2008-11-14 Spike activity

Quick links from the past week in mind and brain news:

Do women get bitchier as they get older? Only if they’re faced with research like this, says Dr Petra.

Cognitive Daily ask another one of their compelling questions: can a blind person whose vision is restored understand what she sees?

Temporarily open-access special issue of Criminal Justice and Behaviour discusses pseudoscientific policing practices and beliefs.

Wired asks what Facebook and steroid use have in common. I thought it was acne but apparently it’s social networks.

What makes the human mind asks Harvard Magazine. At Harvard, about $10,000 a term I would say.

BBC News reports on a new analysis of UK Prime Minister Harold Wilson’s speeches suggesting that Alzheimer’s had started to take effect before his shock resignation.

Can we have consciousness without attention? Asks philosopher Eric Schwitzgebel.

Psyblog reports on gift-giving experiments that suggest women react more positively than men to rubbish gifts – at least at first.

At addiction centres longer treatment programs are proving key to ending the relapse-rehab cycle, reports the LA Times.

USA Today reports on new research suggest that being physically punished as a child may lead to sexual problems later, although I’m not sure I’d classify a preference for S&M as a problem alongside coercion and risky sexual behaviour.

Does religion make you nice? asks Slate who consider friendly atheist Scandinavians.

Neurophilosophy finds a beautiful image of the brain from St Paul’s Cathedral architect Sir Christopher Wren.

I think this is a working torrent of The English Surgeon possibly the greatest brain documentary ever made.

The Wall Street Journal discusses new research which highlights the importance of forgetting. The French Foreign Legion have advertised this for years of course.

Stanley Fish for the New York Times blog discusses why it took US psychologists so long to ban participation in torture.

Frontal Cortex discusses new research finding that a bad night’s sleep can increase the chance of false memories.

The excellent Somatosphere discusses the culture changes that have meant social anxiety disorder is now more widely diagnosed in France.

Boo Yaa!

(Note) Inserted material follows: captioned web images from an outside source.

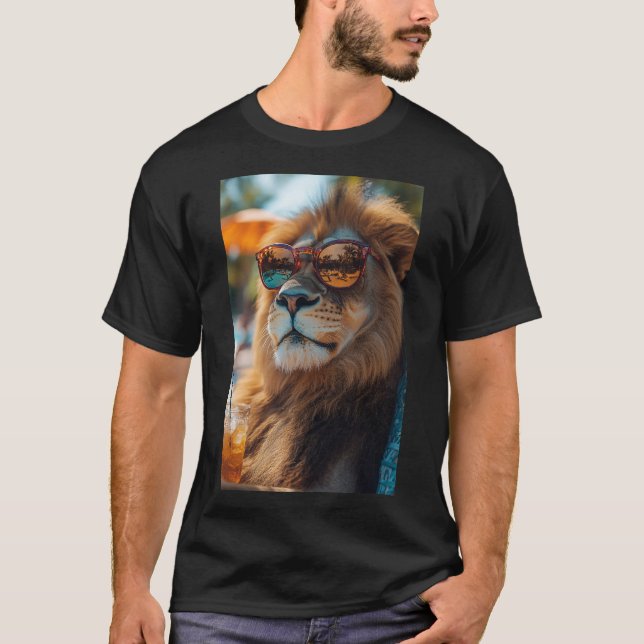 Chill like a King - Der entspannte Löwe T Shirt (Framsida)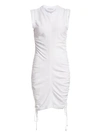 ALEXANDER WANG T WOMEN'S RUCHED BODYCON T-SHIRT DRESS,0400011428860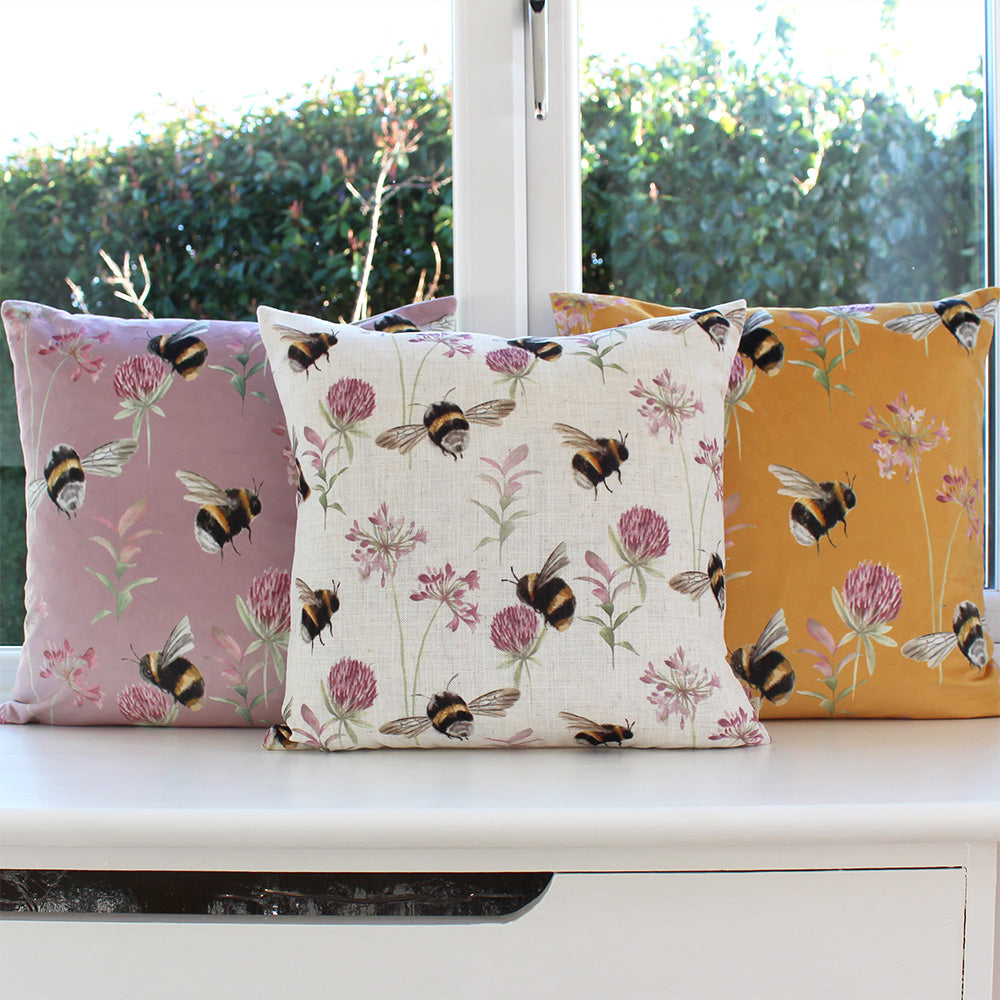 Evans Lichfield Country Bee Garden Cushion Cover in Honey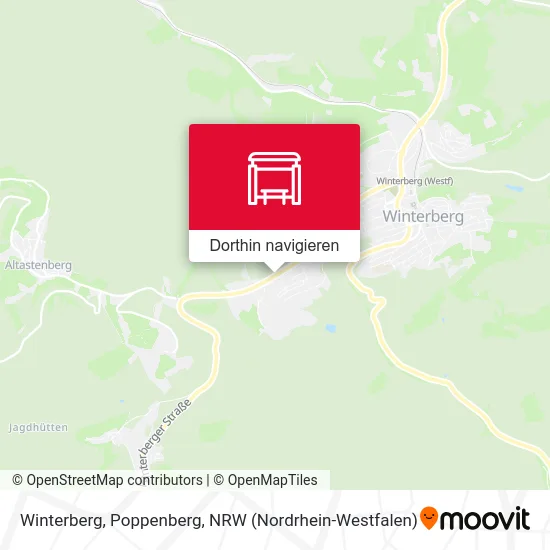 Winterberg, Poppenberg Karte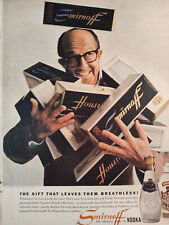 1959 Esquire Original Art Ad Advertisement SMIRNOFF VODKA Phil Silvers picture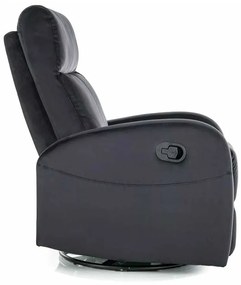 Olimp Velvet állítható fotel, fekete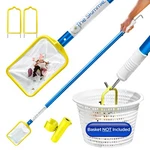 The Skimmie (long Version) Pool Skimmer Net & Pole 53" With Stainless. Fixed Price $70.86.
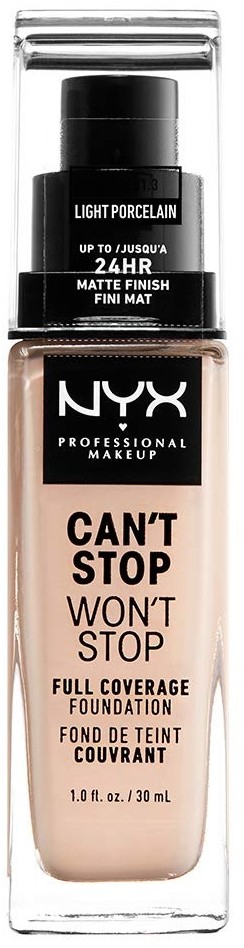 NYX Cant Stop Wont Stop Foundation LIGHT PORCELAIN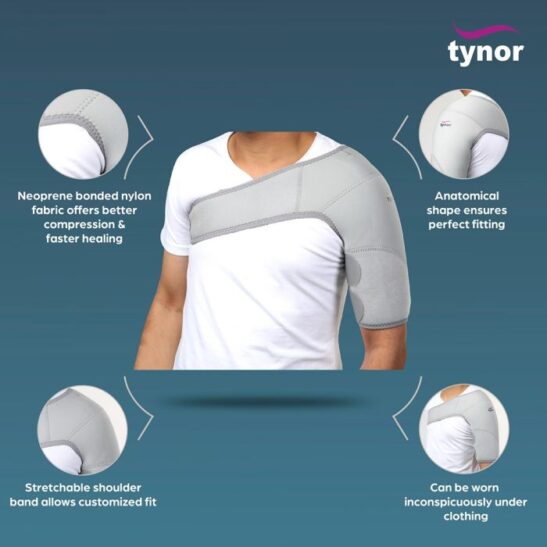 Tynor Shoulder Support (Neoprene) - Image 4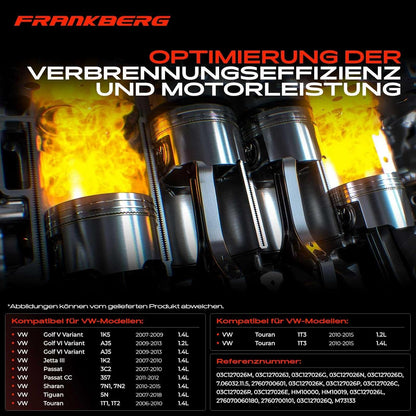 Brandstofpomp – Benzinepomp – Mechanische Brandstofpomp – Vervangingsonderdeel – Compatibel Met OEM 03C127026C – Met Afdichting – 2-Polige Aansluiting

Karl Friston drops some Bayes-heavy block-rocking maths in an article for PLoS Computational Biology on hierarchical models in the brain.

Speed daters shallow, reports New Scientist.

The BPS Research Digest discusses research on the negative effect of pregnancy on memory for future events.

Late stage Huntingdon’s disease includes better auditory signal detection, according to research covered by The Neurocritic.